Six people died during this season’s summit weather window. According to reports, approximately 500 people achieved the impossible dream and climbed to the top of the world’s highest mountain. For those of us who like to watch other people do exciting things from the safety of our own couches, this seems like a reasonable ratio, but those who know what the hell they’re talking about claim it’s not.
No one can climb Mount Everest without a permit. However, professional mountaineers have been grumbling for a number of years about overcrowding, particularly in the ‘death zone’, where oxygen is scant and hanging about waiting for inexperienced climbers to figure out the Hillary Step is not conducive to human survival.
The trouble is, Nepal, who issues a substantial proportion of Everest permits, is one of the world’s poorest nations. It’s economy relies heavily on the tens of thousands of pounds they receive from expedition parties and for this reason alone, they’re unlikely to implement limits on the number of climbers allowed in any one season.
In Western culture, summiting Mount Everest has become less of a vocation and more of a check mark on the bucket lists of the affluent. Technological advancements have eliminated the necessity for would-be mountaineers to carry their gear from Kathmandu to Base Camp and this has been capitalised on by trekking companies, who, for a generous fee will do all the grunt work for you. You just have to climb. You can take your bike, if you want.

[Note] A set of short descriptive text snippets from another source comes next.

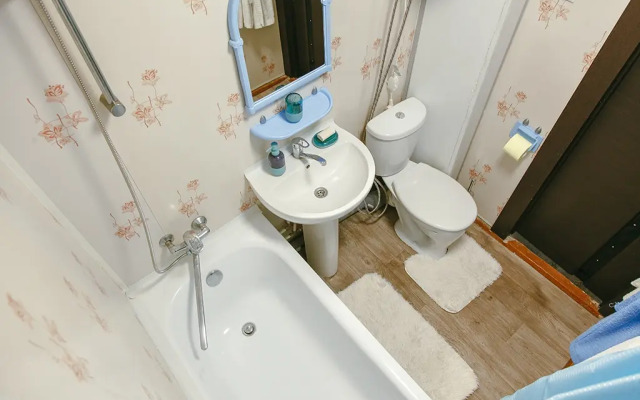 Апартаменты Пять Звёзд у Офиса Транснефть-Сибирь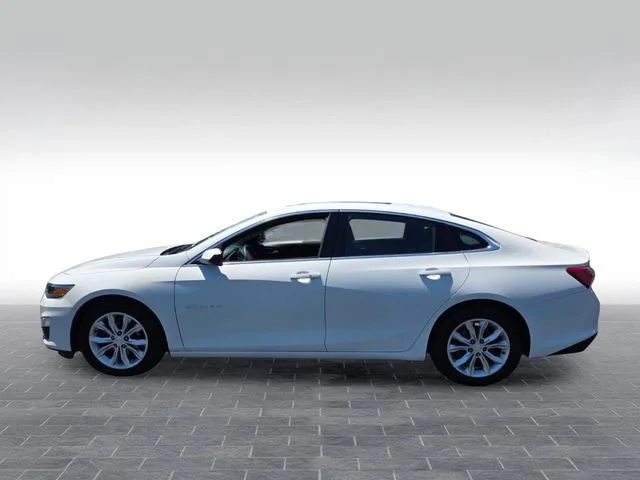Used 2020 SUMMIT WHITE Chevrolet LT image 4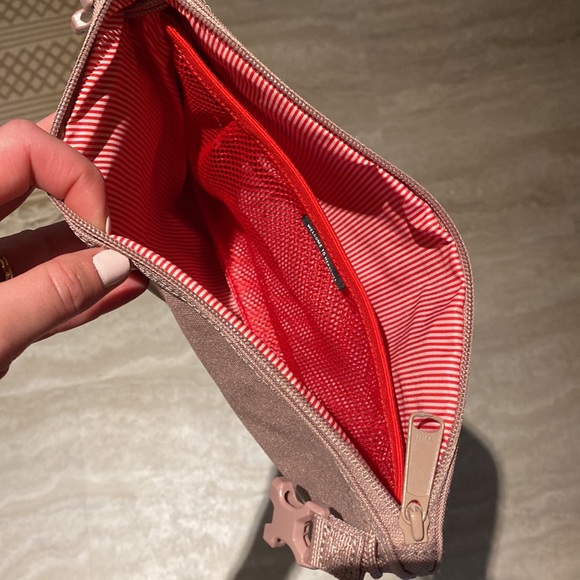 Herschel mauve Crossbody bag - Picture 2 of 2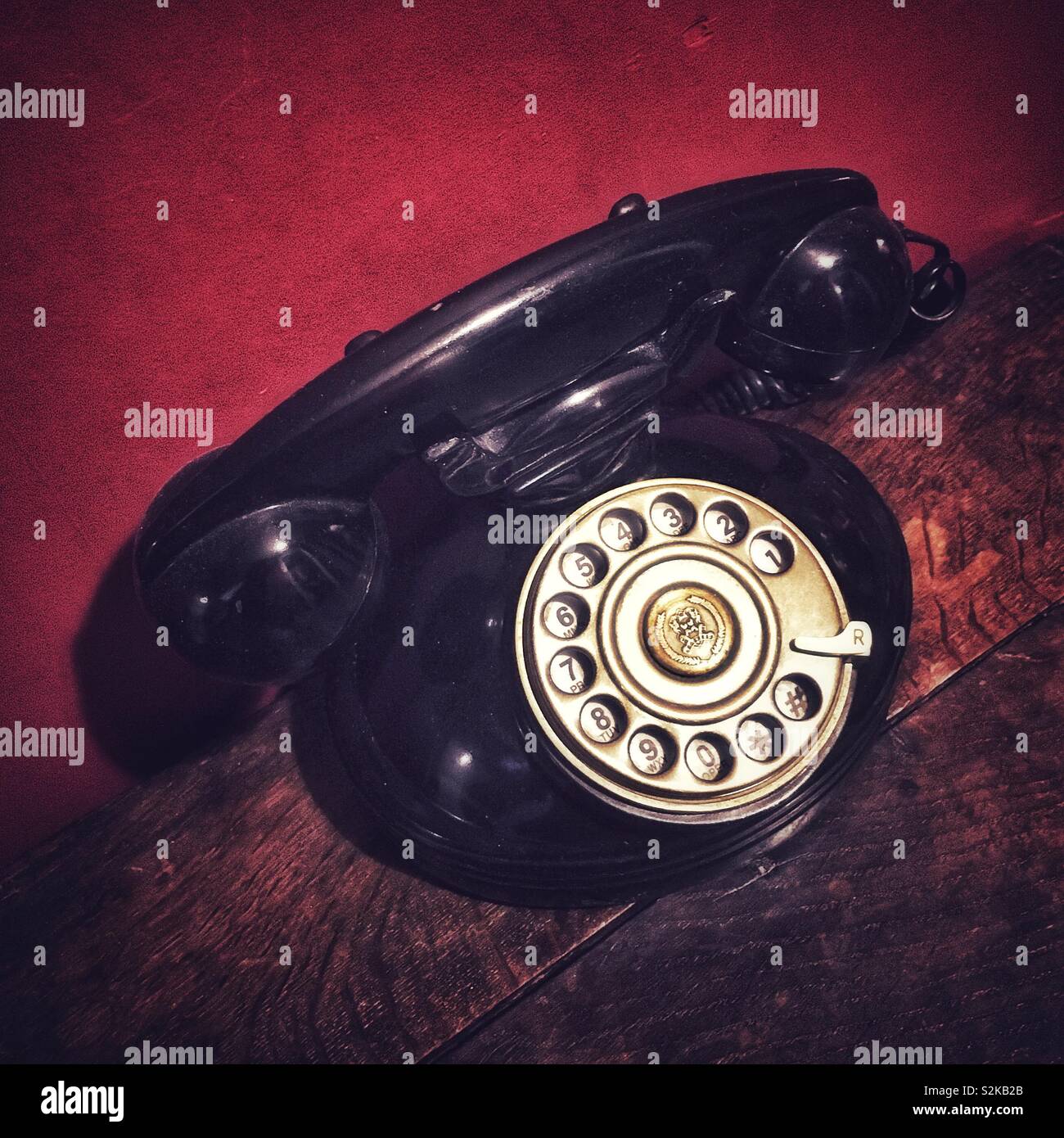 Old telephone with handset and dial Stock Photo Alamy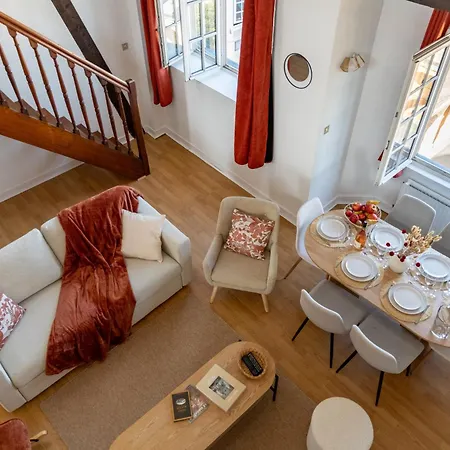 Le Cloitre Saint-patrice - Duplex Historique Avec Parking Prive Lejlighed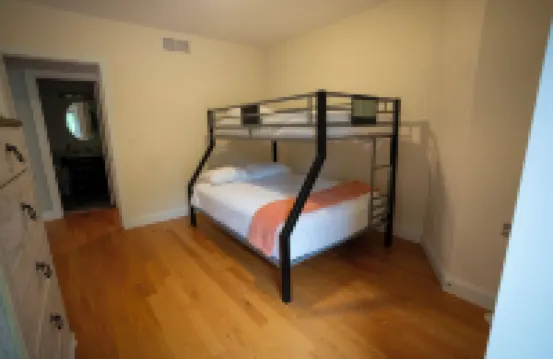 #2 Lake Front Condo - Hamlin Lake, Ludington MI - 10 Guests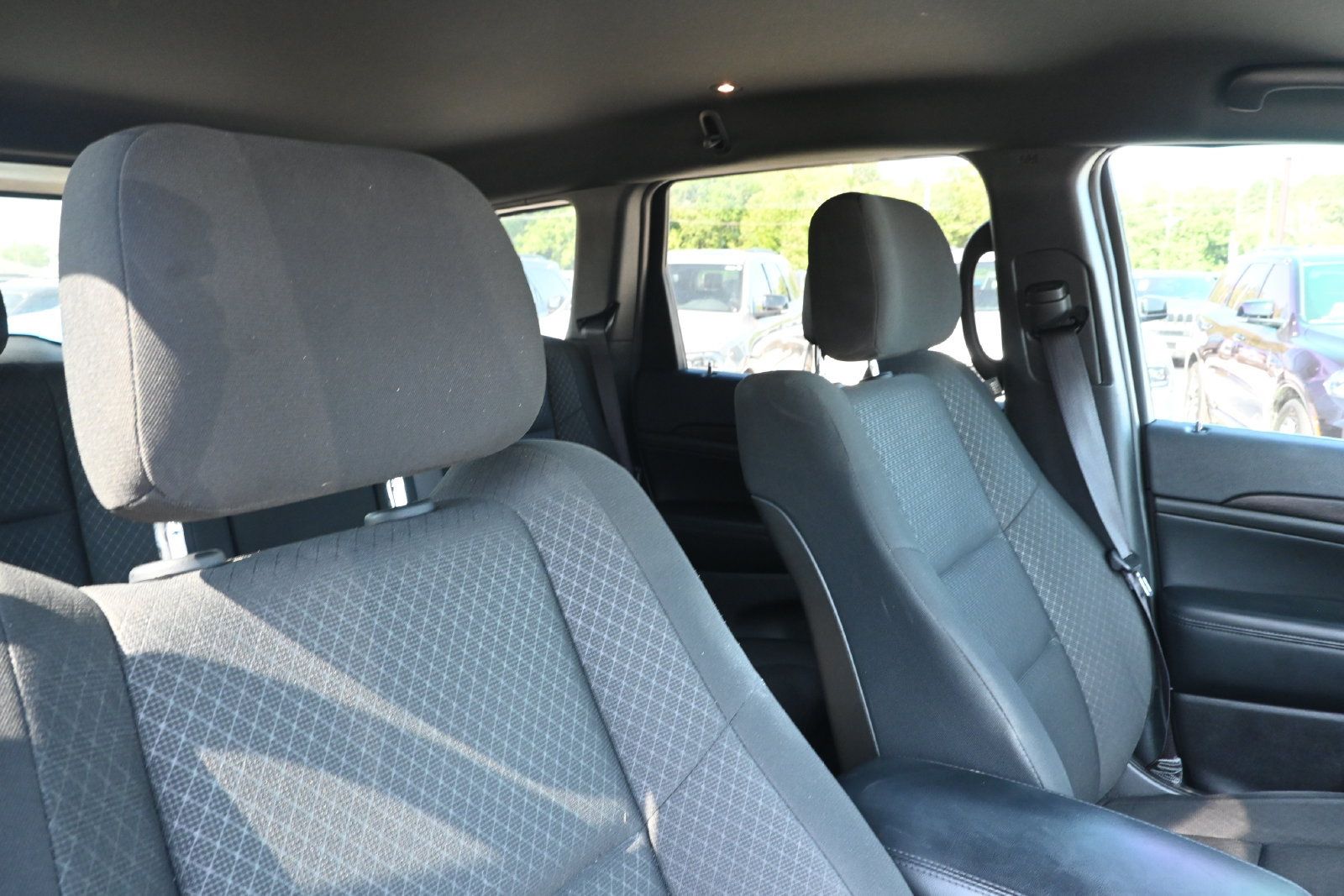 Used 2018 Jeep Grand Cherokee Laredo AWD/4WD image 28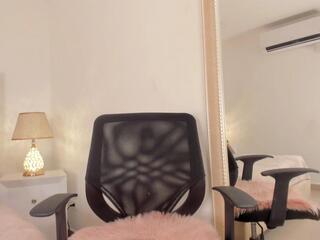 Isabella Hils webcam model stream image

This de-facto hazing ritual obviously sustained potential participants understanding of the risk factor inherent in climbing a 29,029ft peak. That has diminished to the point where seasoned climbers are going public with their anger at the inexperience shown by fellow climbers. Grant Rawlinson, who summited Everest during this year’s weather window, said in a recent blog post, “the spectacle I was seeing repulsed me. People turning up with no respect for the mountain. The desire for instant gratification without the discipline to do the hard yards, the research, the training and the preparation.”
So what then? For as long as the Nepalese continue to issue permits, the product will be available to anyone who can afford it? Yep. The irresistable force is the market force. Which is unlikely to give any time soon. If there’s any chance of stopping people from taking up the ultimate climbing challenge in ever increasing numbers, it’ll have to be the immovable object that gives.
Hmm. That thing isn’t going to give. It’s huge.
But maybe therein lies the lesson. Sadly, for as long as these two forces rub up against each other, people will die. But perhaps this is needed. A sense of risk carries with it a sense of fear. The more dangerous Mount Everest is perceived to be in the wider world, the more fear will be felt and people might apply a little more realism when considering their own capabilities.
Let’s hope so. It would be devastating if all those deaths had to be in vain.